Combat has some interesting wrinkles to it, but can feel a bit fiddly. There’s lots of rules for different things like falling, drowning and fire damage, which can sometimes slow things down at the table while you’re trying to remember all the specific rules. The main core of the game relies not only on damage, but a crit die for each weapon. Any time you roll a critical success with your attack, you get to roll the crit die of your weapon, which causes an injury to the target in addition to the standard damage. These have both narrative and mechanical effects, making for satisfyingly cinematic fights. For example, that punch you do may knock out their teeth, causing them to have disadvantage on manipulation rolls, while the gunshot may give them a bleeding gut, causing any mobility roll to re-open the wound. It’s a lot of different dice values to keep track of, but once you do it feels a bit more dynamic than a standard D&D fight.

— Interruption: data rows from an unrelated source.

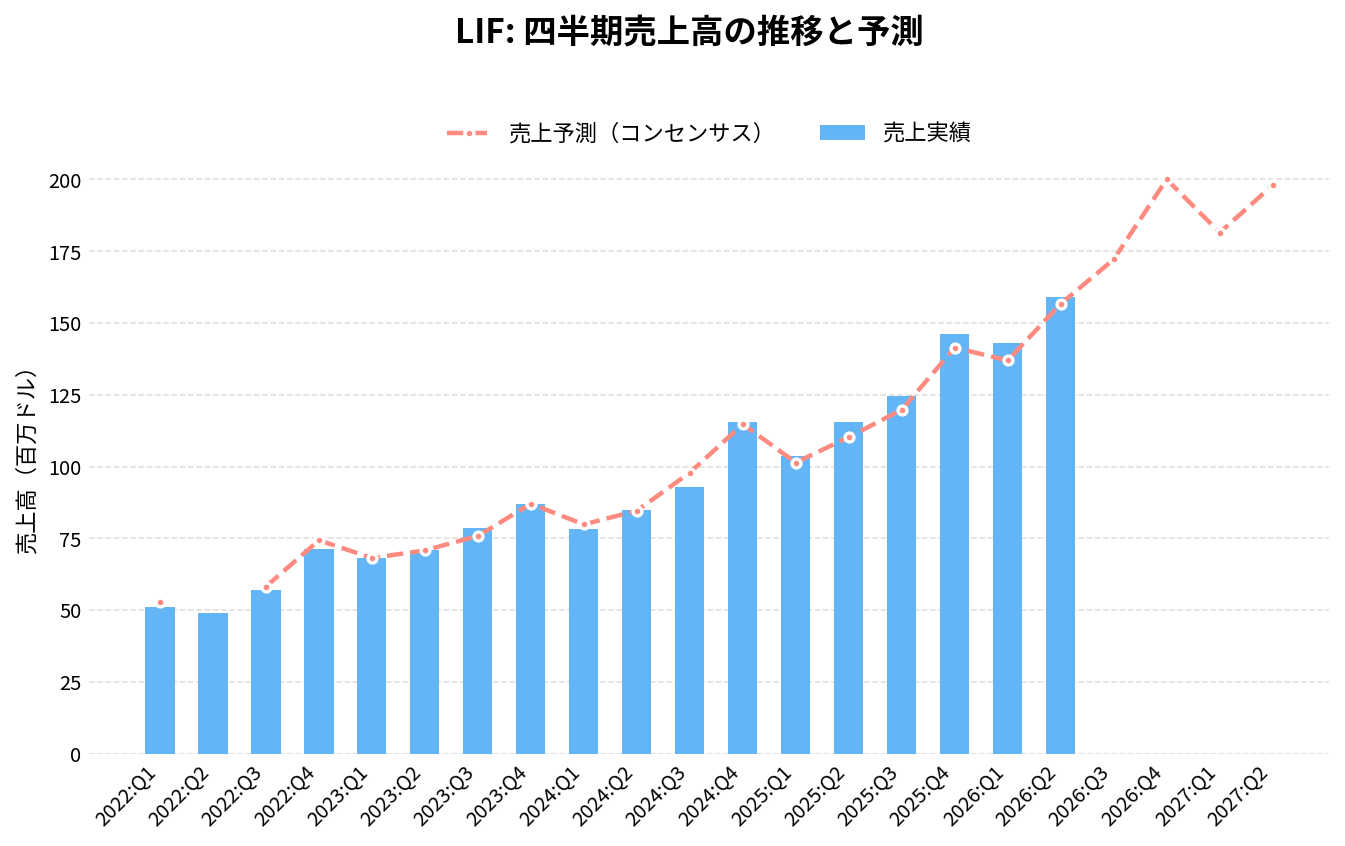 Life360(LIF)の四半期:売上推移グラフ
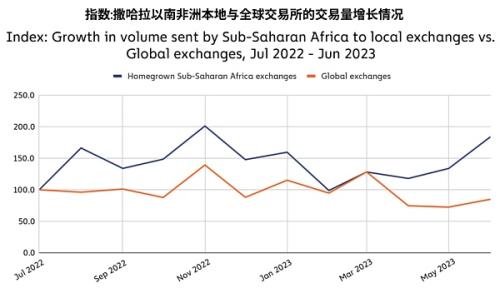 撒哈拉以南的非洲地区  响起对加密货币采用的呼声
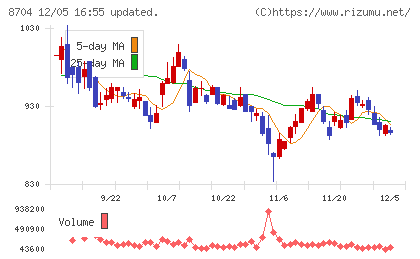 トレイダーズホールディングスチャート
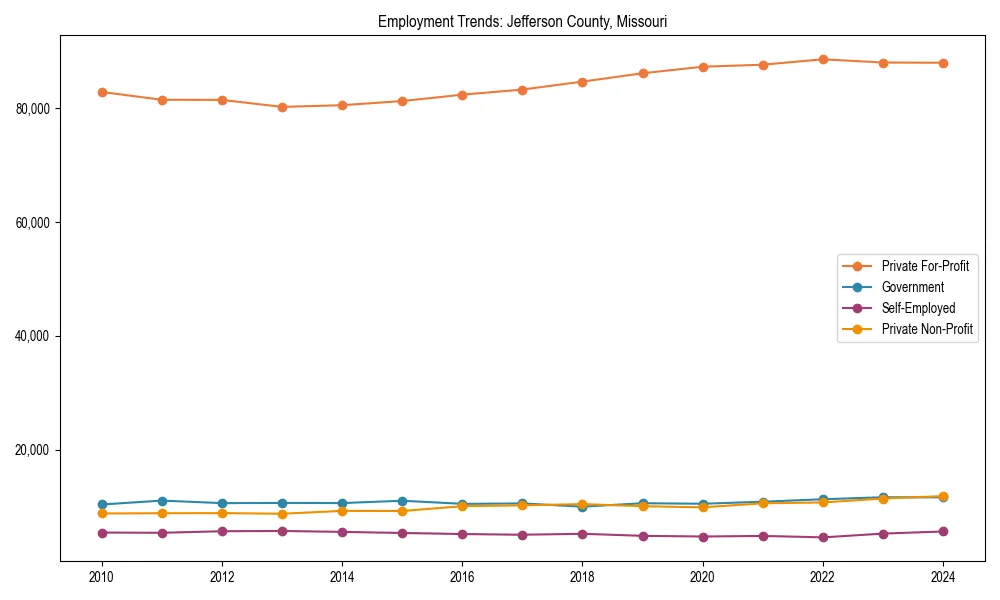 Long-term employment trends in 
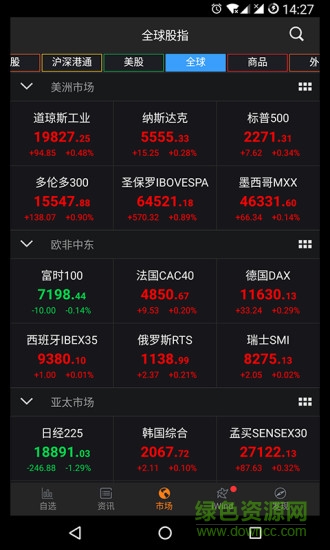 wind金融終端app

Since Replicants often run from their pursuers, the game outlines some clever rules for both on-foot and car chases. Each round, both the pursuer and the prey secretly select from a series of maneuvers in an attempt to catch up to or lose the other person. Once those are chosen, a random obstacle is rolled, adding both flavor and consequence to that moment in the chase. The prey may have their hide maneuver canceled by running into a dead end, while a crowd of people with umbrellas may give that same hide maneuver advantage. It’s a smart system that allows for another way to resolve action aside from a straight up fight.
The biggest hook for this game to me is the investigation structure. Each day of the investigation is timed out to have four shifts, forcing players to use their time wisely. Story beats will happen that cause the case to progress to its climax as more shifts go by, ensuring that there’s always forward momentum carrying things towards a dramatic conclusion. This encourages players to split the party, covering the maximum amount of ground as the clock ticks down. If you get the Blade Runner Starter Set, which is sold separately from the core rulebook, it comes with a premade case file called Electric Dreams that contains crime scene photos, newspaper articles and all sorts of other ephemera to help set the scene for the mystery at hand. The rulebook does outline tools to create your own case files, but the production value that goes into the Electric Dreams is what makes it really shine.

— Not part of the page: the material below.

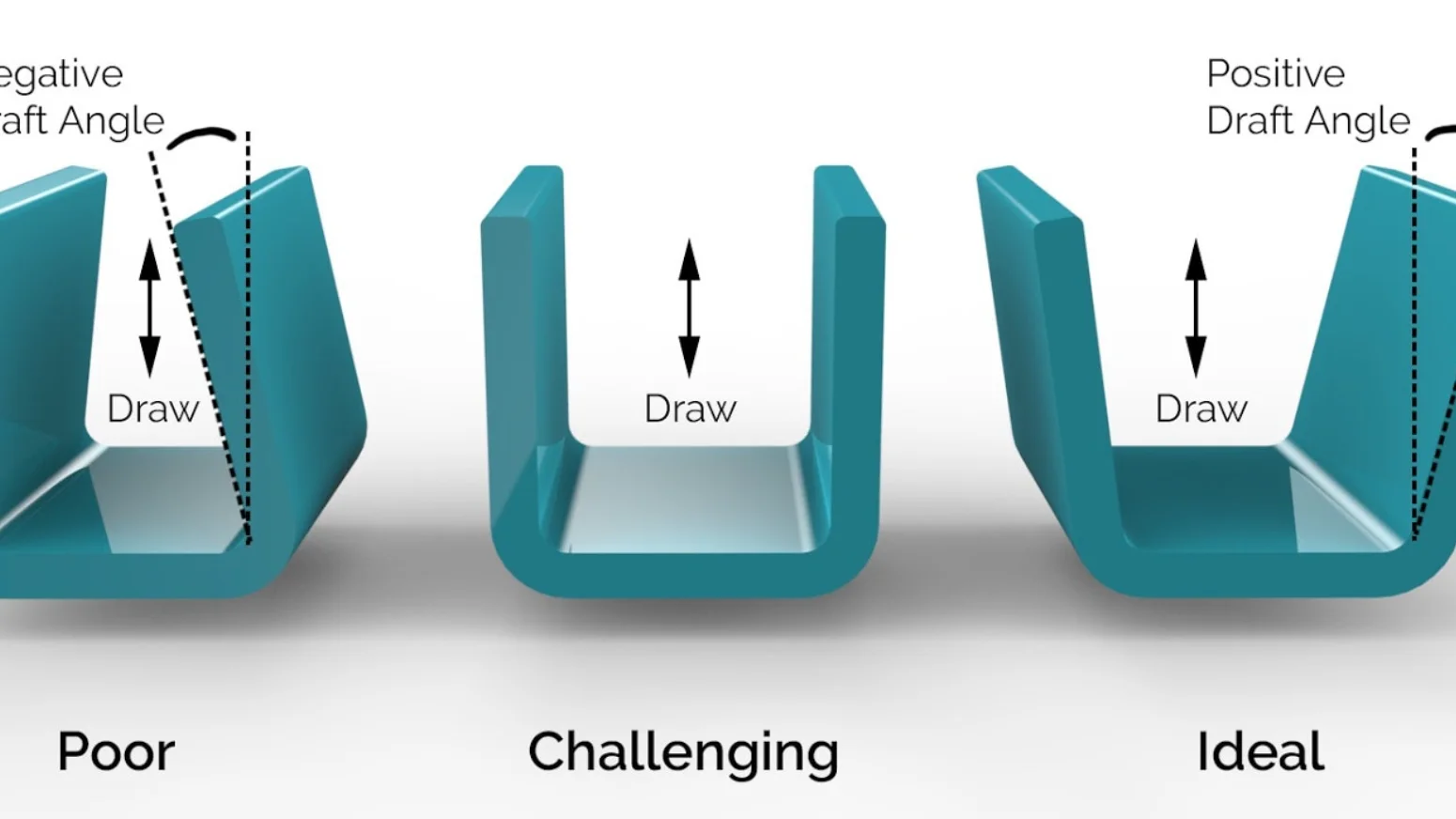 Technical drawing showing draft angles using direct angle notation and slope representation.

I’m interested to see how I would feel after a long campaign of this, as it seems like continually playing as a Blade Runner would not be sustainable. Through the films we learn of the injustice built into the systems that Blade Runners defend, making it a moral area I’m not sure I’d want to continue treading in without shifting into fighting against those systems. The game does some work to allow for this push and pull, rewarding you with promotion points when you follow orders and humanity points when you ‘do the right thing,’ so there’s definitely space to explore how to rebel against authority while still working within it, asking important questions about personhood and justice. All of Free League’s upcoming case files will eventually be connected, so time will tell if they are able to walk that narrative tightrope.
There are many other smaller tabletop games that do parts of what Blade Runner does in a more streamlined fashion. Cy_Borg offers a more flavorful cyberpunk dystopia, with a strong visual identity and aggressive style. Bindlewood Bay has a more freeform mystery system that is less about moving characters towards a predetermined solution and more about letting the players be the author of the solution. Blade Runner is one of the most narrowly focused RPGs I’ve seen in a long time, but that focus gives you the tools to live out your own Blade Runner movie.
Especially while using the case file, you’re in for a highly polished experience that’s fraught with decisions that question your conceptions of identity and memory.